Everything in the simulation world is represented as an entity. Each entity is
made up of component
s, which provide the data definitions. The simulation
data model is always based on composition of components attached to entities.
Entities can be freely moved between machines to continuously improve efficiency of the system as a whole. Due to the dynamic nature of this arrangement, internally entities are not represented as simply UUIDs as they would be in a classic ECS design. They are instead more involved structures with their own storages. Entities themselves are stored in an addressed map for quick retrieval.
Components are also different from what one would see in a classic ECS design. Due to the interoperability requirements, components are not defining the actual memory layouts for particular data. Data representation is fixed on the lower individual data type layer (e.g. numbers, strings). Components are defined as collections of variables, the layout of which will be determined dynamically on the entity storage layer.

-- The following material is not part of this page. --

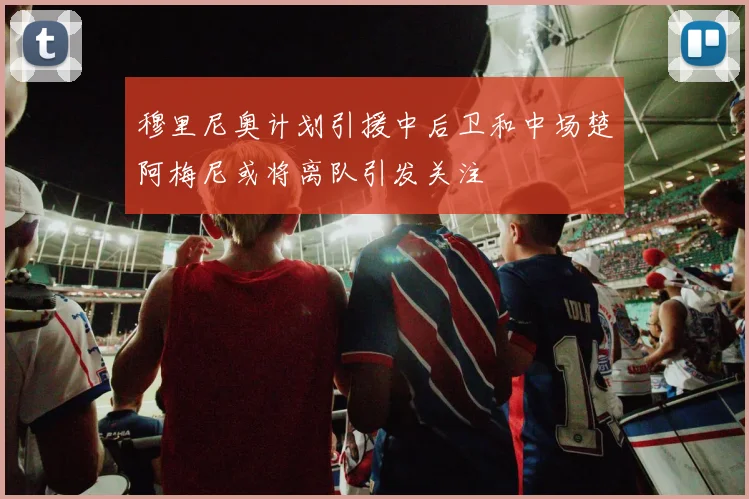 穆里尼奥计划引援中后卫和中场楚阿梅尼或将离队引发关注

The above entity-component design can be described as the storage layer. It's
usable as is. One can define the model and starting state through .toml
files
and deploy to an existing bigworlds cluster. Existing simulation data can be
queried and mutated, and upon proper configuration the entity distribution
across the cluster will dynamically approach most efficient arrangement based
on the access patterns.
Building on the storage layer is the logic layer.
Bigworlds runtime builds directly on the tokio runtime, spawning separate tasks representing different parts of a bigworlds system.
One part of the system spawned as a separate task is the behavior
. That's
basically a free-form task running on the tokio runtime. Each behavior unit
is a separate task performing read/write operations asynchronously, no matter
if they're performed locally or remotely (though the system is constantly
optimizing to maximize the number of local operations). Processing can
optionally be synchronized with simulation-wide events.
Spawning a behavior task is the most direct way of introducing logic into a bigworlds system. These tasks can be defined as part of an overall program using bigworlds library, or they can be loaded dynamically onto existing bigworlds systems. Since it's not exactly safe in situations where hardware is shared, we definitely want to have a way to sandbox user provided logic.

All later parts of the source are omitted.